The Sound of the Bellows in the Book of Margery Kemp?

Academic journal article Magistra

The Sound of the Bellows in the Book of Margery Kemp?

Article excerpt

One of the ongoing impulses of Margery Kempe studies is to uncover the ways that her text draws from other literary and non-literary models. How much of Kempe's text is a unique expression of her own, and how much of the text shows the extraordinarily rich tapestry of sources Kempe sought and to which she was exposed? The following essay contributes to this argument by exploring the possible sources of Kempe's description of the Holy Spirit sounding like a pair of bellows. It follows on (and serves as a companion piece to) an earlier essay of mine that explored the voice of the robin redbreast as the sound of the Holy Spirit.1 My purpose in this essay is to demonstrate that even in the Book's seemingly less significant details, Kempe is drawing on and engaging with established religious traditions.

Throughout the Book Kempe describes a number of sensorial ways in which she experiences the Lord. Chapter 36 addresses Kempe's aural perception of the Divine, stating that she had "divers tokenys in hir bodily heryng" that indicated the Holy Spirit, including the voices of a dove and a redbreast, as well as "a maner of sownde, as it had ben a peyr of belwys blowyng in hir ere."2 This experience lasted for many years, as "sehe had been used to swech tokeyns about xxv yer at the writyng of this boke."3 As the Middle English Dictionary indicates, a pair of bellows in the early to mid-fifteenth century could refer either to bellows for a smithy or for an organ.4 Late medieval literature, wall-paintings, and manuscript illuminations featuring bellows give evidence of the wide variety of shapes and sizes of these instruments, which ranged from small bellows used to produce wind for household fires or portable organs to large industrial contraptions supported by a wooden frame that required the weight of one's entire body to operate.5 By the end of the Middle Ages, still larger bellows could be powered by water.6

Scholars have repeatedly noted how Kempe's aural experiences of the Divine are similar to those described by more popular devotional writers such as the fourteenth century writer Richard Rolle, who refers in his Incendium Amoris to the delightful harmonies and heavenly song that can appear in one's soul and enthrall one's mind.7 Few, however, have explored whence this particular image of the bellows arises.

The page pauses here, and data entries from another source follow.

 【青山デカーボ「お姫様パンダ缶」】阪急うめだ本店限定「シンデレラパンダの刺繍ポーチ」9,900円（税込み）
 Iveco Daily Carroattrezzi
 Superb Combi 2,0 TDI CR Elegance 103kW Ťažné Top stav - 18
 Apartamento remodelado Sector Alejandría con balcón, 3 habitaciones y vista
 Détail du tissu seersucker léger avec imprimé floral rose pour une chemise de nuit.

Those that have, attribute the image to Kempe's homely, merchant-class sense of the Lord, or to possible medical afflictions such as temporal lobe epilepsy or tinnitus.8 No one has attributed her use of bellows imagery to conscious or unconscious modeling and patterning on other texts, preferring to overlook the many literate sources of the Book.

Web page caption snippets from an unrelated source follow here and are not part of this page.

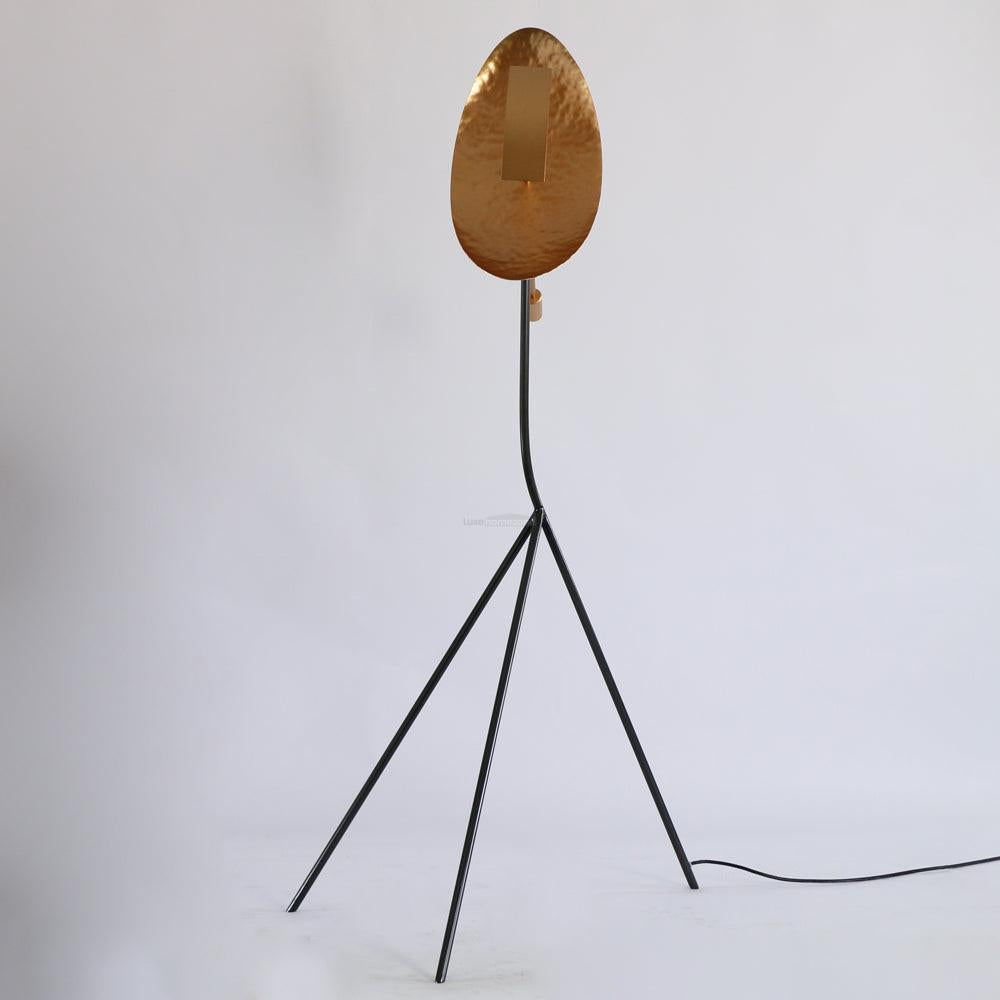 Ribot Floor Lamp W 31.5″ - Flexible-1-Luxehomezone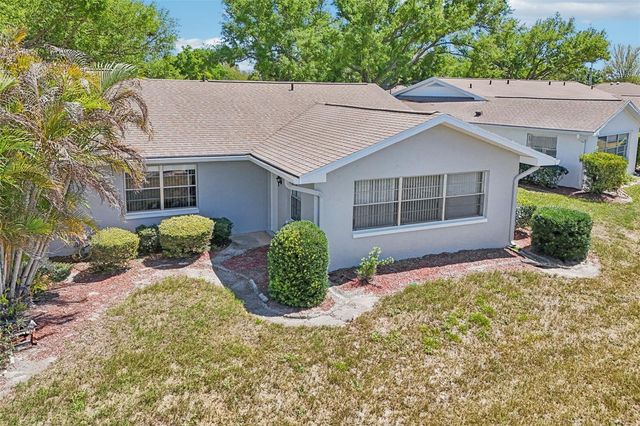 1222 HADDINGTON CIRCLE, Sun City Center, FL 33573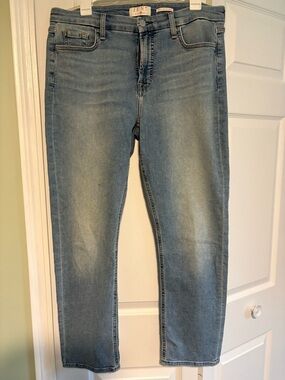 JEN7 Light Blue Boyfriend Jeans - Classic Relaxed Fit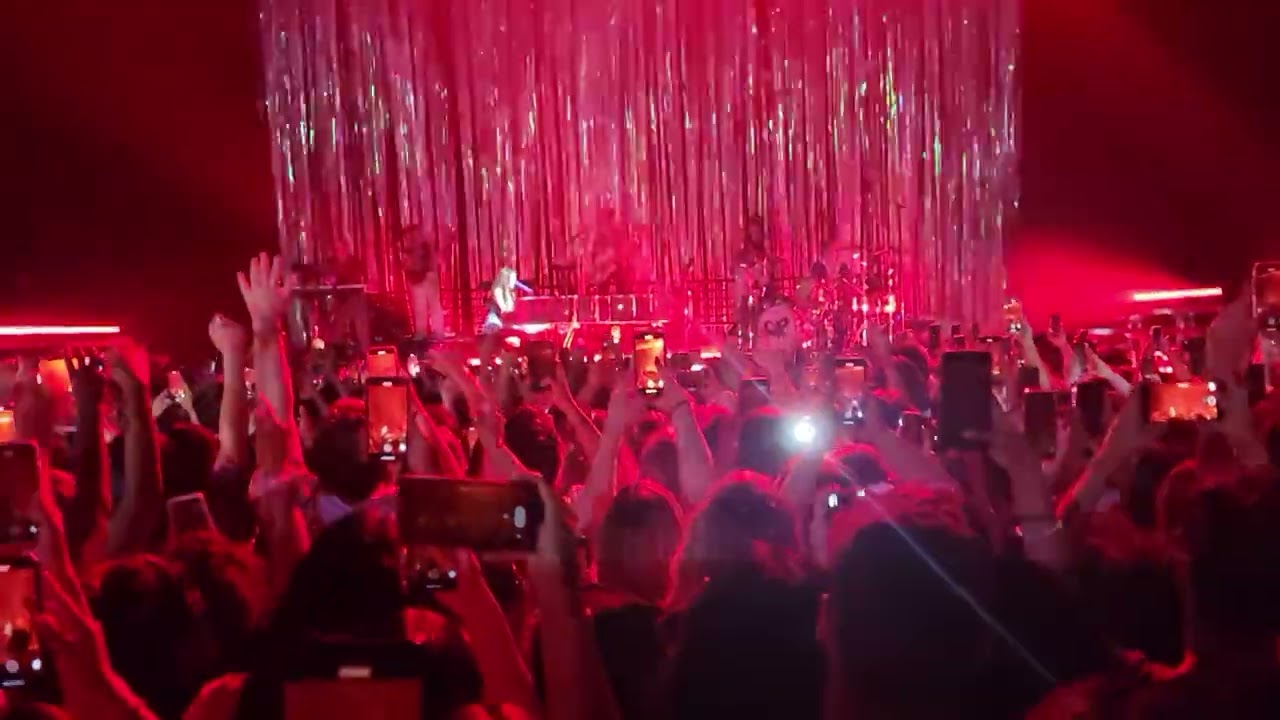 Olivia Rodrigo Drivers License (LIVE) Sour Tour Las Vegas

However, it may be argued that a similar image in the early fifteenth century sermon collection Jacob's Well suggests that picturing the Holy Spirit as a pair of bellows may have been a somewhat familiar image in late medieval sermon literature. The sound of the bellows therefore suggests the influence of sermon literature on Kempe's Book, or at least suggests that the image was not unique to Kempe. Thus, this is yet another instance in which Kempe models her Book on late medieval religious texts, and demonstrates that her text engages more deeply with contemporary religious culture and practices than previously thought.

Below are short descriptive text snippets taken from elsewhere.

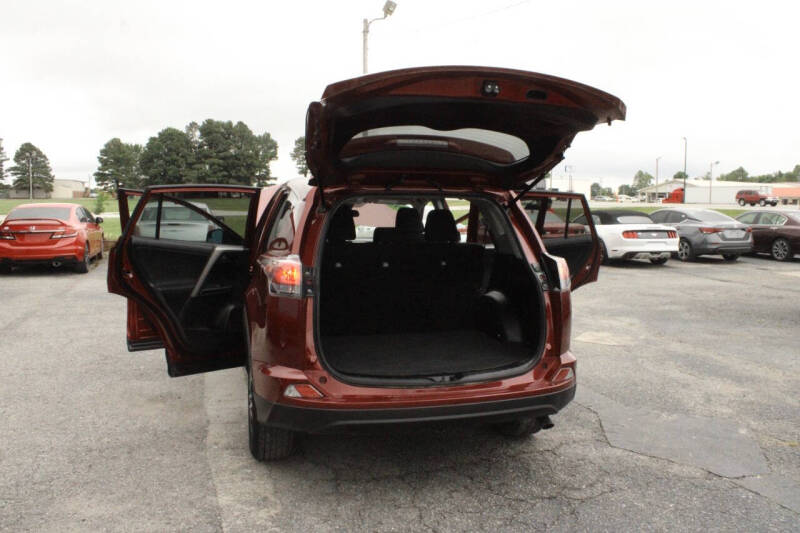 2018 Toyota RAV4 LE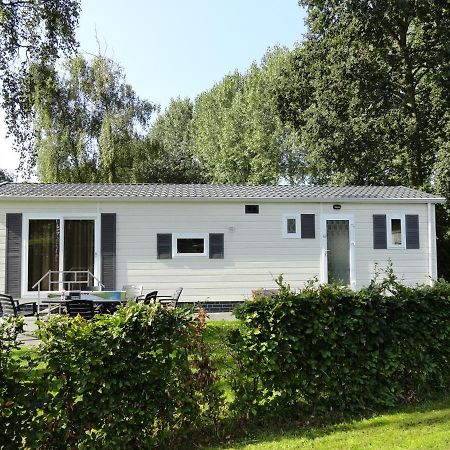 Stellechalets Op Vakantiepark Stelleplas - Heinkenszand Bagian luar foto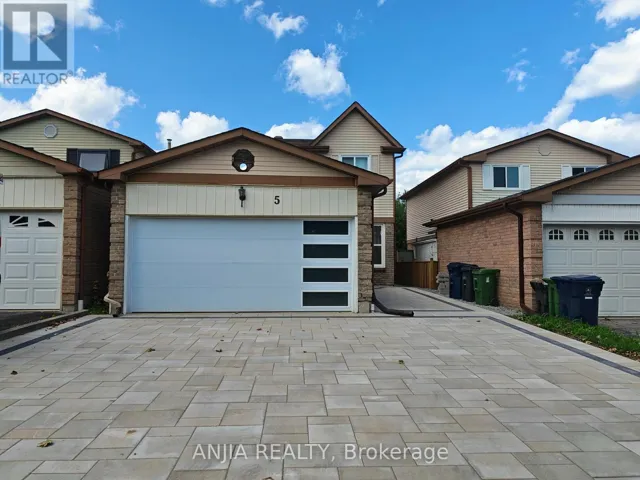 5 MUIRLANDS DRIVE, Toronto (Milliken), Ontario M1V2B3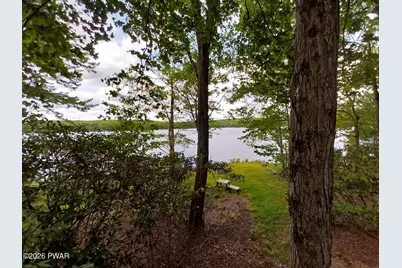 221 W Shore Drive, Hawley, PA 18428 - Photo 12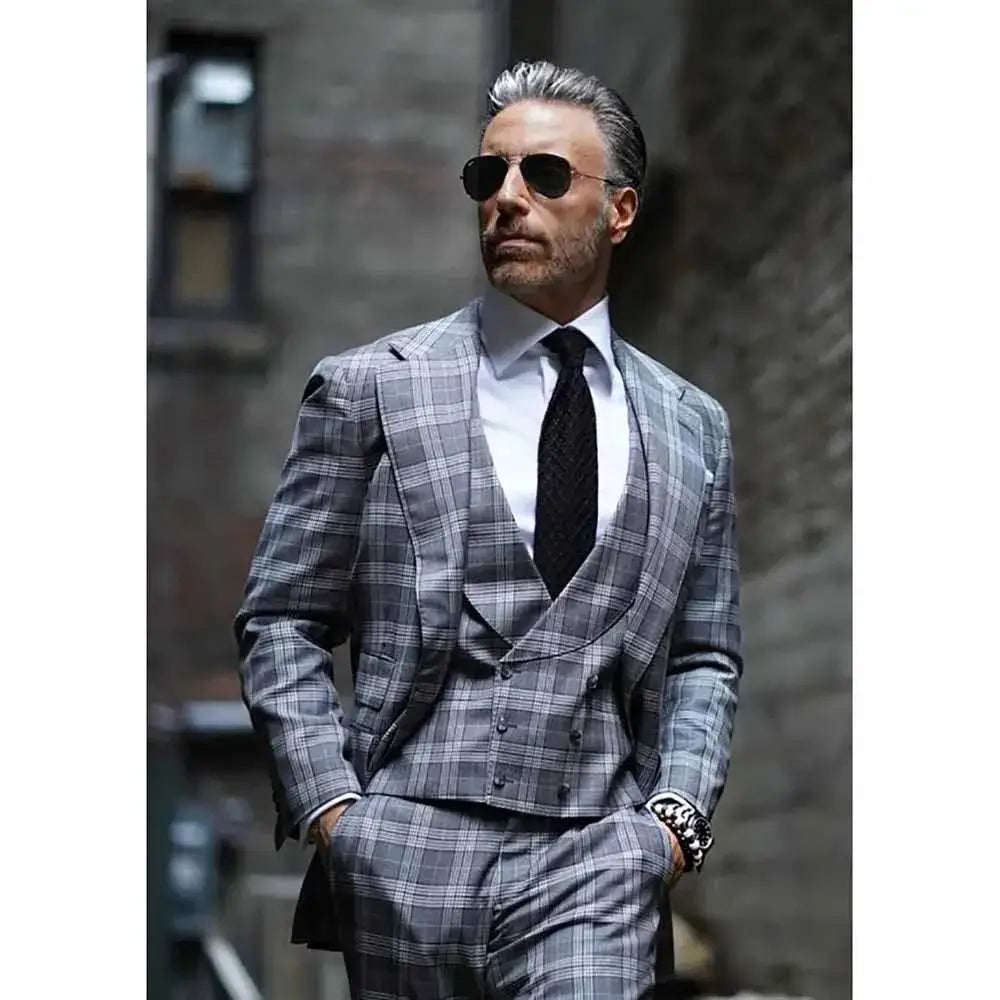 Luxury Plaid Men's Suit Set - Custom Bespoke Tailored bespoke Suit Luxurious Weddings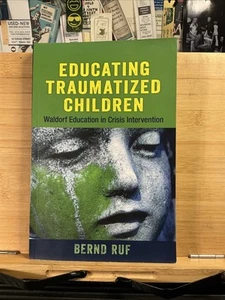 Educating Traumatized Children : Waldorf Education in Crisis Intervention by... - Foto 1 di 3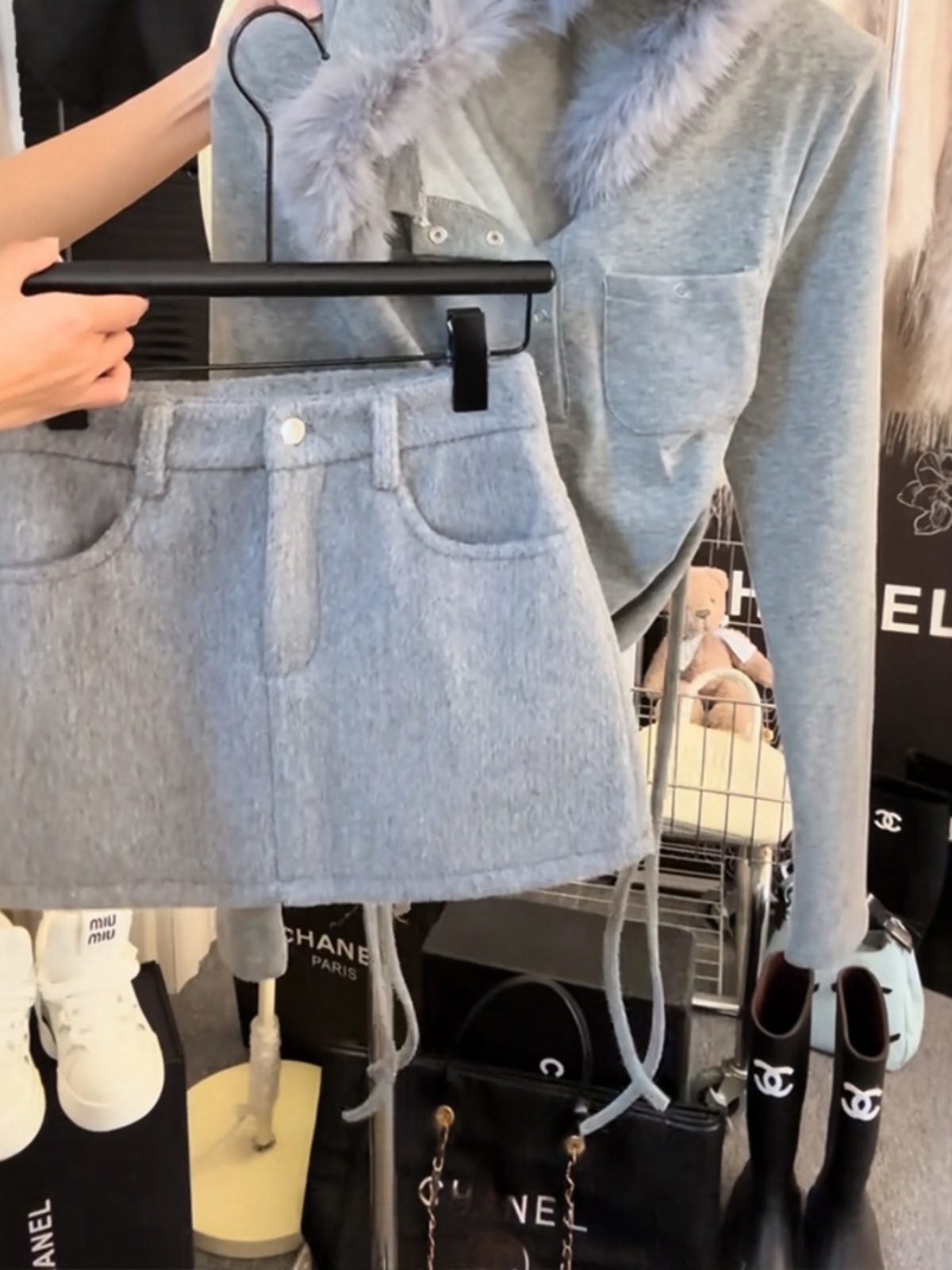 High-Waisted Korean-Style Gray Woolen A-Line Half Skirt for Women - Slimming Fit, Perfect for Petite Figures, Spring Fashion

Exploring the Book's description of the Holy Spirit sounding like a pair of bellows invokes the study of soundscapes of the medieval world. How exactly were these bellows imagined to sound in Kempe's Book? Were they startling loud and awe-inspiring, or were they softer and raspier? Was the Holy Spirit in Kempe's description intended to sound like the whoosh of a small kitchen bellows, the larger roar of a blacksmith's bellows, or the overwhelming thunder of the multiple bellows of a cathedral's organ? Extant literary and artistic sources give some idea of this soundscape, as well as the literal and figurative associations medieval people made with bellows. …

Search by... Author
Show... All Results Primary Sources Peer-reviewed

Oops!

An unknown error has occurred. Please click the button below to reload the page. If the problem persists, please try again in a little while.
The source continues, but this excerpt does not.